Exercise requirements>
Set down only these lines, exactly: the line containing "Great Linford Casa" and all lines through the end of the data below. Omit pictures.

Extracted information>
^^^^
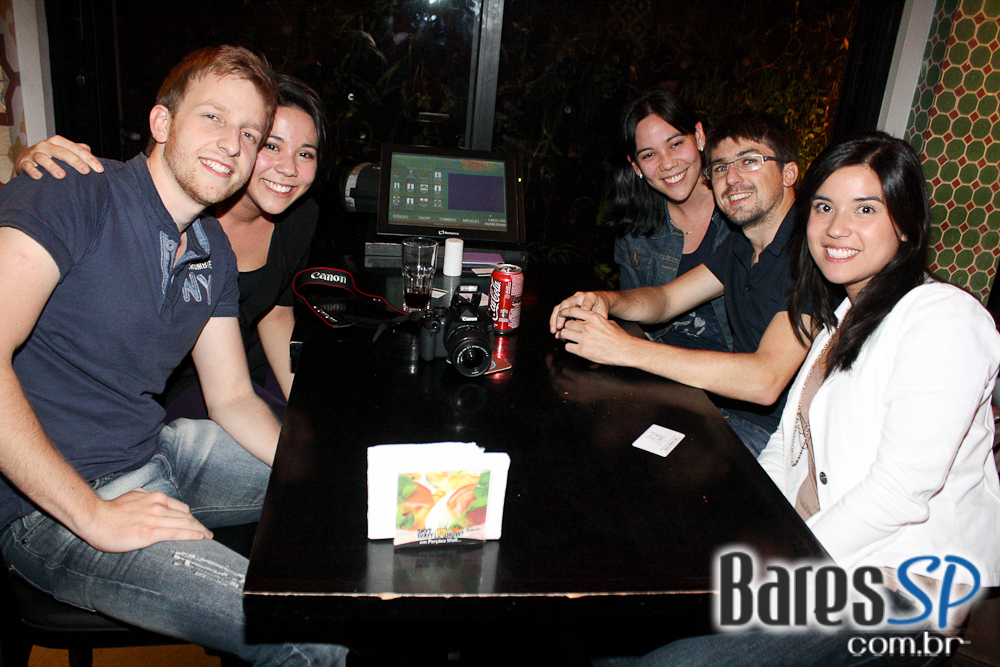 Ambiente descolado com cerveja e drinks no happy hour do Wall Street Bar Ambiente descolado com cerveja e drinks no happy hour do Wall Street Bar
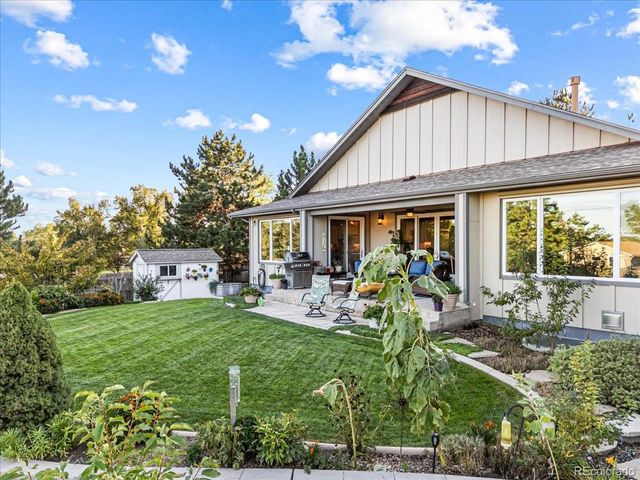 2080 Robb Street, Lakewood, CO 80215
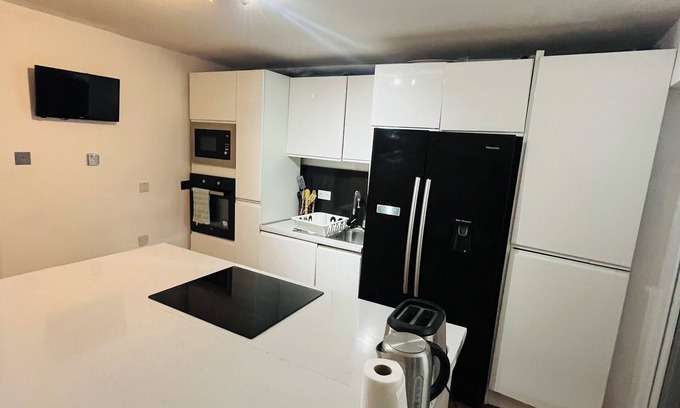 Great Linford Casa | Stylish 3 Bedroom + 2 Bathroom Townhome near Central Milton Keynes with Balcony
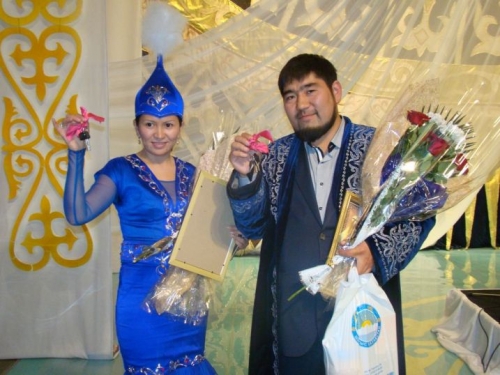 (+Фото) Подведены итоги Республиканского айтыса акынов, посвященного 80-летию Восточно-Казахстанской области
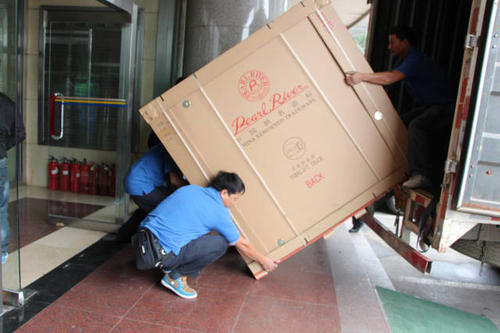 吉阳镇钢琴贵重工艺品无忧运
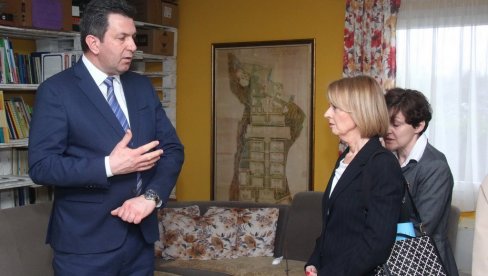 GRAD JEDNAKIH MOGUĆNOSTI ZA SVE: Šabac posetila ambasadorka Švedske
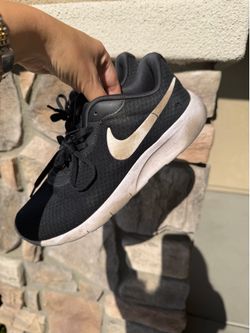 Kids Nike Shoes, size US 6.5Y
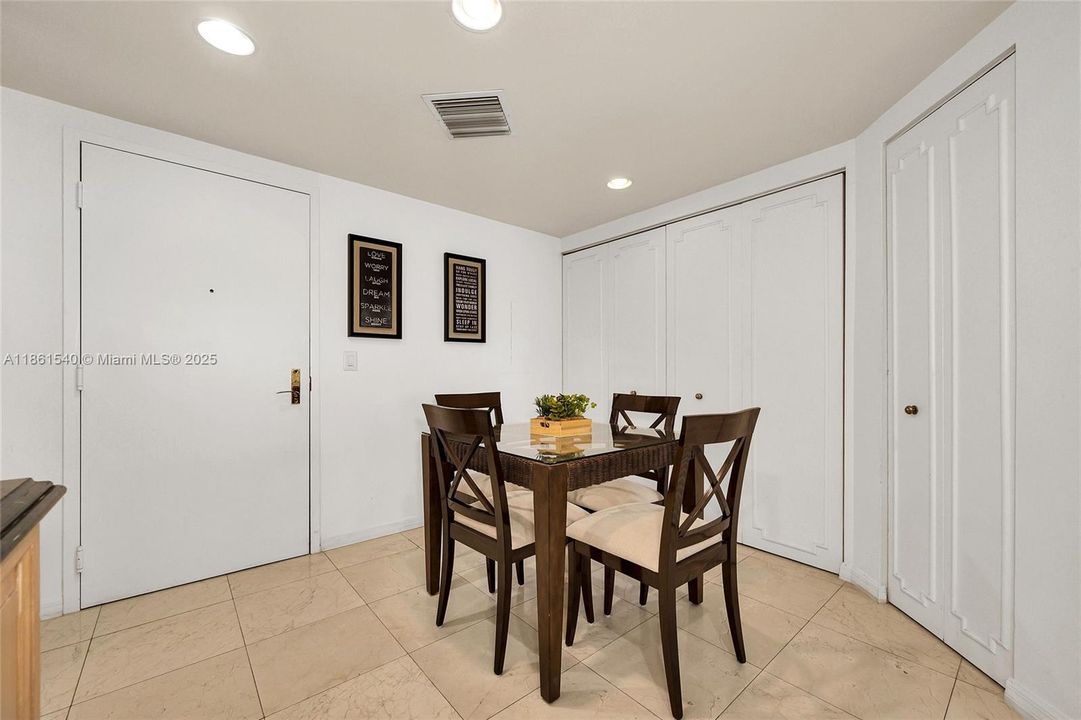 For Sale: $1,070,000 (2 beds, 2 baths, 1500 Square Feet)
^^^^
Response to this task>
 Great Linford Casa | Stylish 3 Bedroom + 2 Bathroom Townhome near Central Milton Keynes with Balcony
 (+Фото) Подведены итоги Республиканского айтыса акынов, посвященного 80-летию Восточно-Казахстанской области
 吉阳镇钢琴贵重工艺品无忧运
 GRAD JEDNAKIH MOGUĆNOSTI ZA SVE: Šabac posetila ambasadorka Švedske
 Kids Nike Shoes, size US 6.5Y
 For Sale: $1,070,000 (2 beds, 2 baths, 1500 Square Feet)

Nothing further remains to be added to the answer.